The Great Inflation

Inflation as Measured by CPI (Created by Sam Marshall, Federal Reserve Bank of Richmond)

この特に悪い政策、そして特に金融政策のエピソードについて理解するには、三つの異なるが関連した部分で物語ることが有用であろう。 これは一種の科学捜査であり、大インフレが発生した動機、手段、機会を検証するものである。 フィリップス曲線と完全雇用の追求

この物語の最初の部分は、大インフレの根底にある動機で、大恐慌の直後にまでさかのぼりますが、この時期はマクロ経済理論や政策にとって同様に大きな変革期でした。 第二次世界大戦が終わると、議会は経済の安定化を促進するための政策に目を向けた。 その中で最も注目すべきは、1946年に制定された雇用法である。 この法律は、「最大限の雇用、生産、購買力を促進する」ことを連邦政府の責務とし、財政政策と金融政策の協調を強化することを規定した1。 この法律は、「最大限の雇用、安定した物価、適度な長期金利という目標を効果的に促進するために、通貨および信用総額の長期的な成長を維持する…」という現在の連邦準備制度の二重の義務の根幹となっている(Steelman 2011)。

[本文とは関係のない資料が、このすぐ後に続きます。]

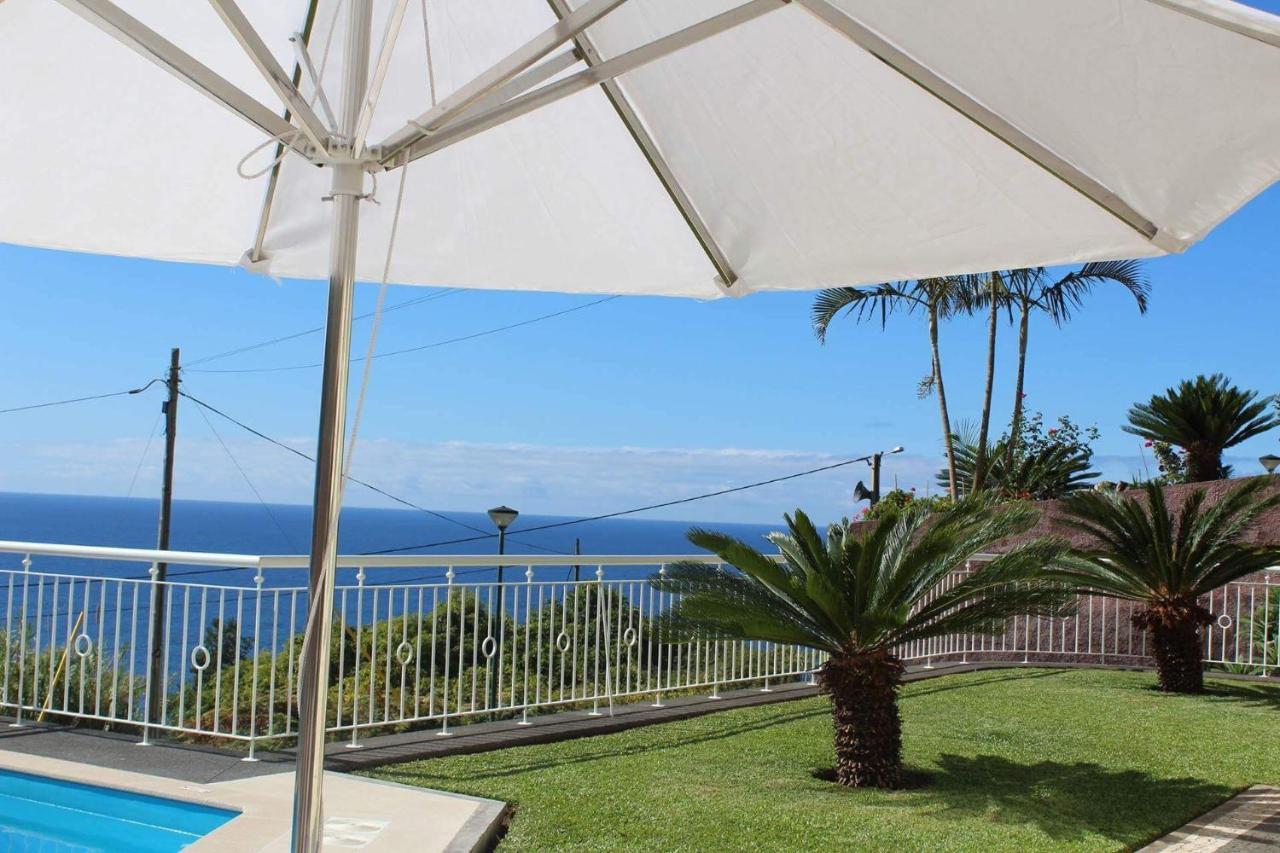 Villa Quinze - Luxurious 3 Bedroom Villa With Private Pool And Games Room & Amazing Views Понта-Делгада Экстерьер фото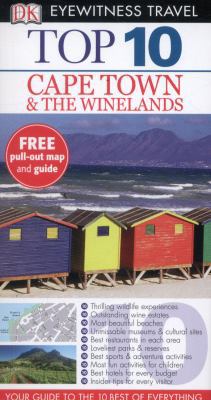 DK Eyewitness Top 10 Travel Guide: Cape Town an... 1409326683 Book Cover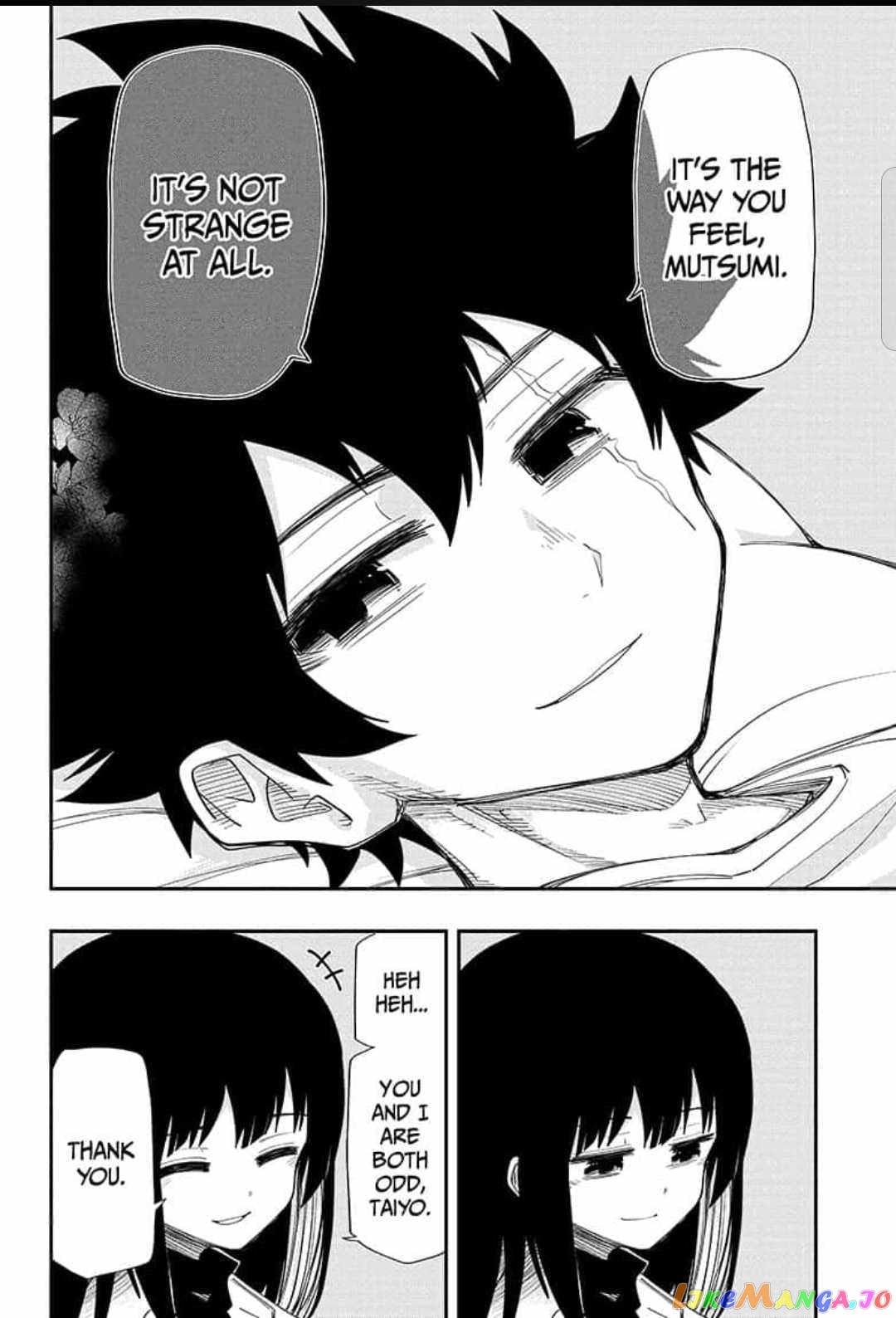 Mission: Yozakura Family chapter 103 - page 16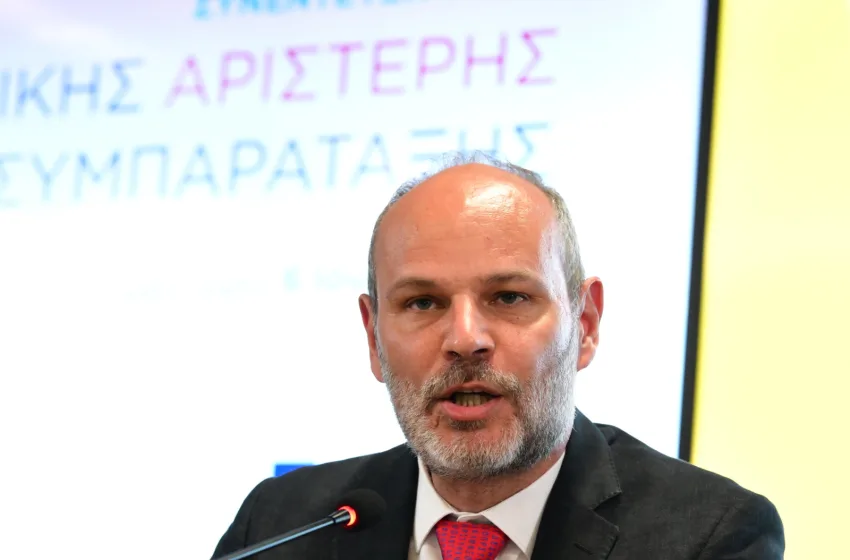  Κουτεντάκης: Ο Μητσοτάκης δεν μπορεί να εμφανίζεται ως η εναλλακτική στον εαυτό του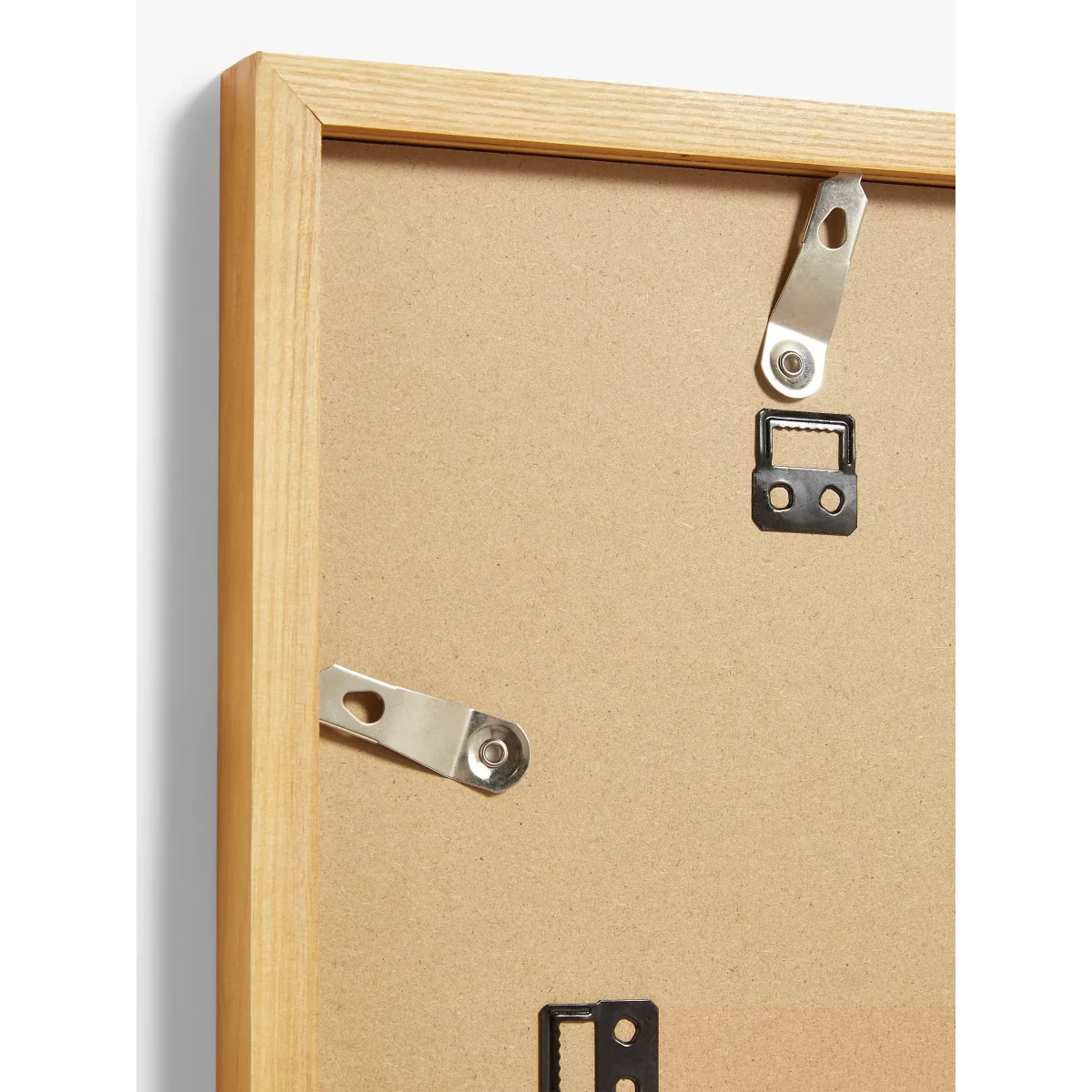 John Lewis & Partners Wood Photo Frame & Mount, 3 Photo, 4 x 6 (10 x 15cm), FSC-Certified (Oak) – image 2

第二次大戦後の時代の政策を導く正統性は、ケインズ主義の安定政策だったが、1930年代に米国と世界中で起こった未曾有の大失業という辛い記憶によって大きく動かされていた。 この政策の焦点は、財政当局による歳出・課税政策と中央銀行による金融政策によって、総支出(需要)を管理することであった。 金融政策は総支出を管理し、経済活動を安定化させるために用いられ、また用いられるべきであるという考え方は、今日でもFRBをはじめとする中央銀行の政策の指針として一般に受け入れられている考え方である。 しかし、1960年代と1970年代の安定化政策の実施にとって重要かつ誤った前提は、失業とインフレの間に安定的で利用可能な関係が存在するというものであった。 具体的には、恒久的に低下する失業率は、適度に高いインフレ率で「買う」ことができると一般に考えられていた。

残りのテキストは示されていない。